§ WORK REQUEST: The response should be an exact transcription of the data below, free of images.

§ DATA BLOCK:
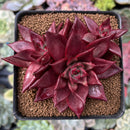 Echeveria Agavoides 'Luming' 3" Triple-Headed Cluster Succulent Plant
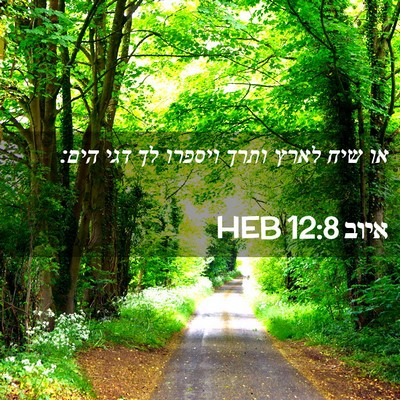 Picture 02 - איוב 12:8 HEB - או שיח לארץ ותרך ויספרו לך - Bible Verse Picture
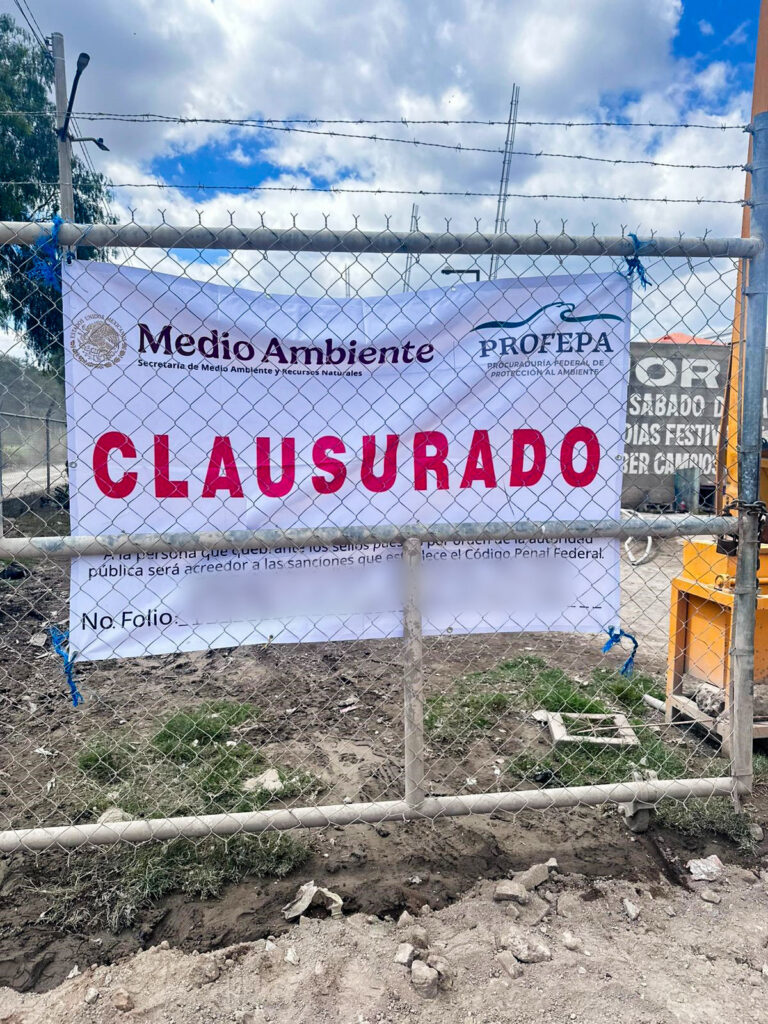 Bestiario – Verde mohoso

§ WRITTEN SOLUTION:
 Echeveria Agavoides 'Luming' 3" Triple-Headed Cluster Succulent Plant
 Picture 02 - איוב 12:8 HEB - או שיח לארץ ותרך ויספרו לך - Bible Verse Picture
 Bestiario – Verde mohoso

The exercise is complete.